I concluded my speech in November by referring to a billboard on the side of a building in Newtown in Sydney which said that the greatest violation of a woman's rights is to abort her. Mr Speaker, given the information supplied by groups such as Women Hurt by Abortion, perhaps the next greatest violation of a woman's rights may well be to allow her to have an abortion without access to all the available information.

MS TUCKER: I seek leave to speak again, if I may.

Leave granted.

MS TUCKER: I would like to clarify a couple of things. Mr Humphries did seem to misunderstand what I was saying in my comments about the pictures needing to be representational in terms of the change in the sizes. I was really making a comment on just how shoddy the whole thing looks. In fact, the oldest foetus is the smallest in the pictures.
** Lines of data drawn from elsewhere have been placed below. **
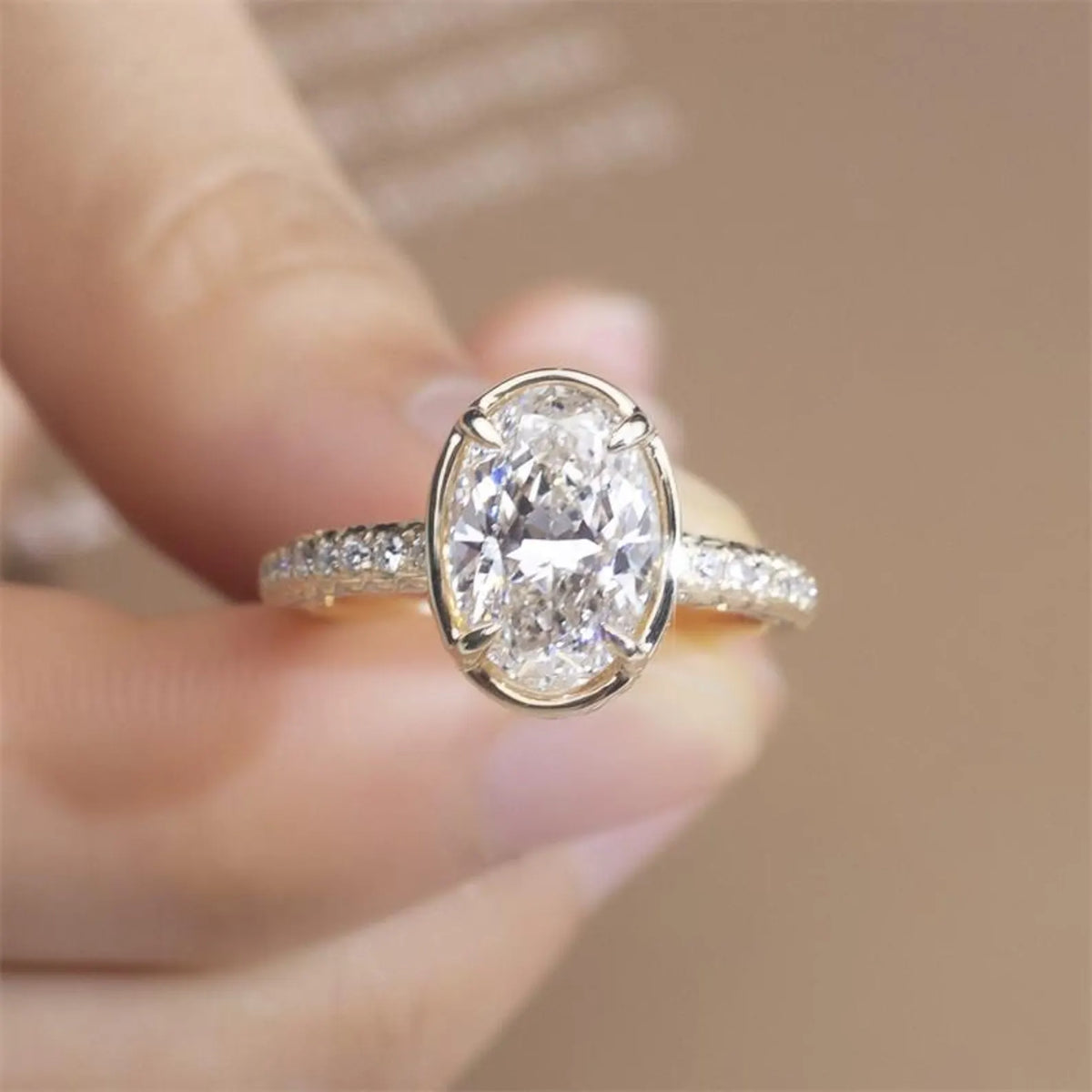 Close-up front view of a 3 CT oval lab-grown diamond ring held in hand showcasing stone brilliance and yellow gold setting.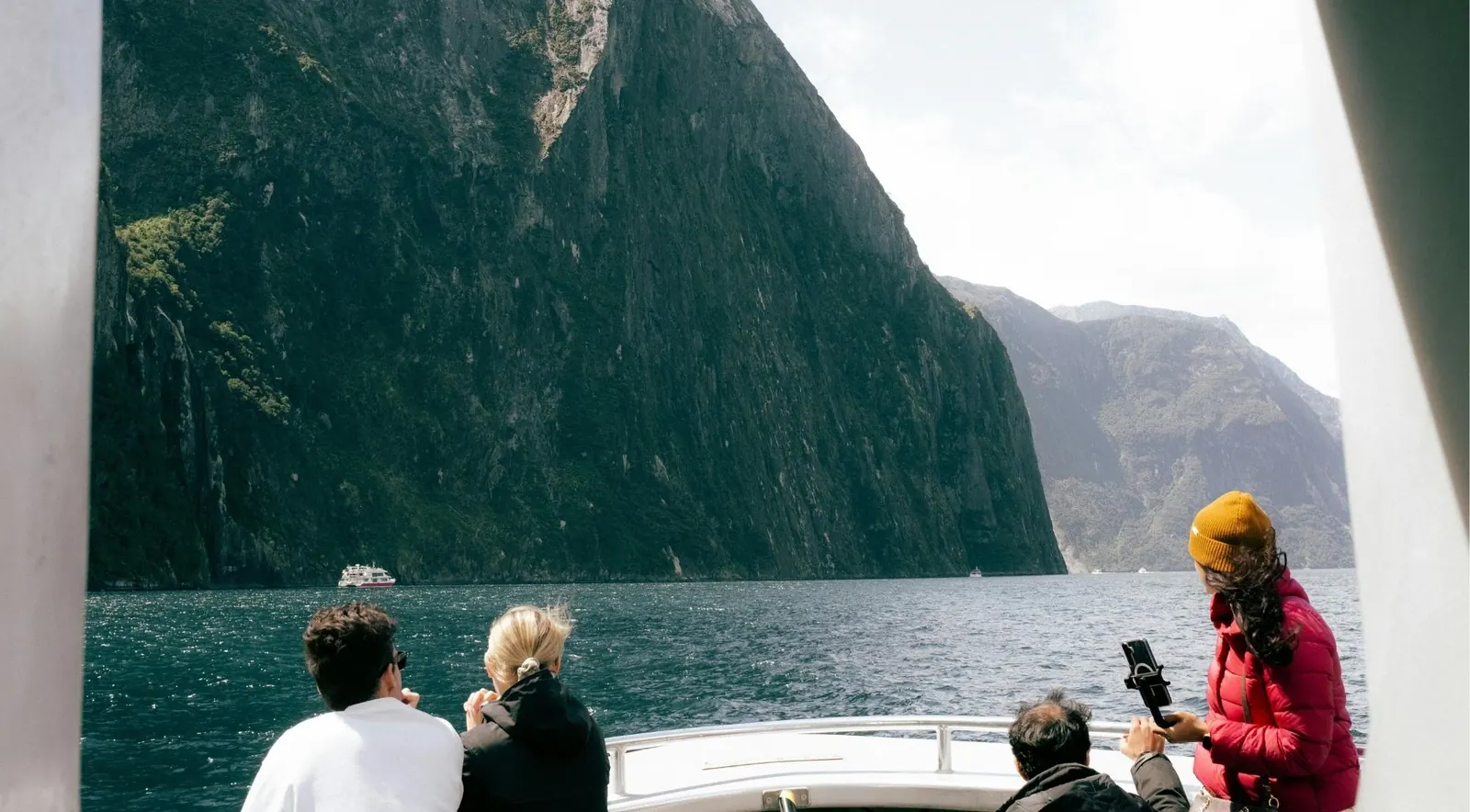 Tourists on a boat deck photographing Milford Sound's towering cliffs
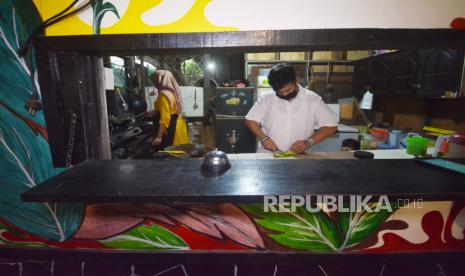 Pelaku usaha kuliner, Adityo Nugraha (25), memasak makanan pesanan konsumen, di kafenya di Padang, Sumatera Barat, Selasa (25/5/2021).  Adityo yang merupakan nasabah PT Pegadaian (Persero) memanfaatkan pinjaman kredit ultramikro untuk membantu melanjutkan bisnis kafernya yang sepi sejak pandemi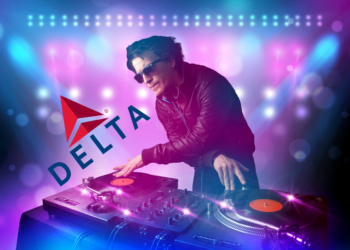 A DJ performs next a superimposed Delta Air Lines logo. (Delta Air Lines logo property of Delta Air Lines. DJ image ©iStock.com/ra2studio. Eye of the Flyer composite.)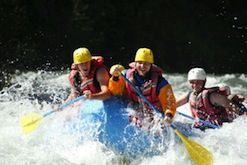 A group of people are rafting down a river.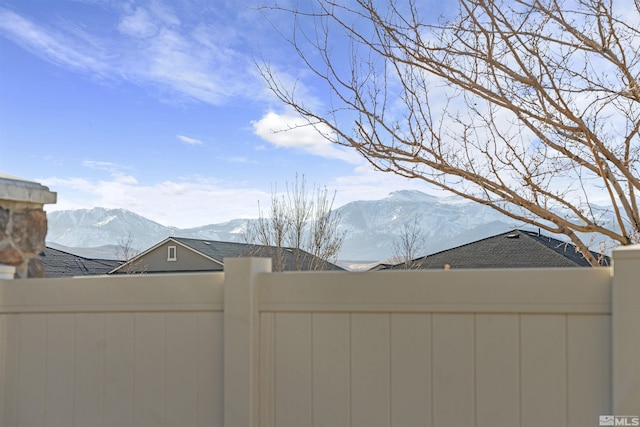 yard covered in snow with a mountain view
It would be more useful, if you were seriously interested in education, to have the sequence of pictures of foetuses actually increasing in size. It was really just a comment on that.

I am particularly interested in responding to the issue of the disparity in weights. Mr Humphries seemed to be saying that in this pamphlet they are regarding development as beginning on the day of fertilisation, which is usually two weeks after the start of the last menstrual period, and to be claiming that the figures we are comparing it to start on the first day. Obviously, the weight should be lighter, if anything, because in this pamphlet they are counting the beginning of development as being two weeks after the start of the last menstrual period. Mr Humphries might need to come back and give another explanation of the disparity in that matter.

The other point I would like to raise again, because I do not think it has been adequately addressed, is the statement that is being continually made that the information is just being offered. The language in the Act, as I have already said, is very inconsistent and confusing and it would be difficult for a court to interpret exactly what is required and what is adequate and appropriate, et cetera. I have been through all that.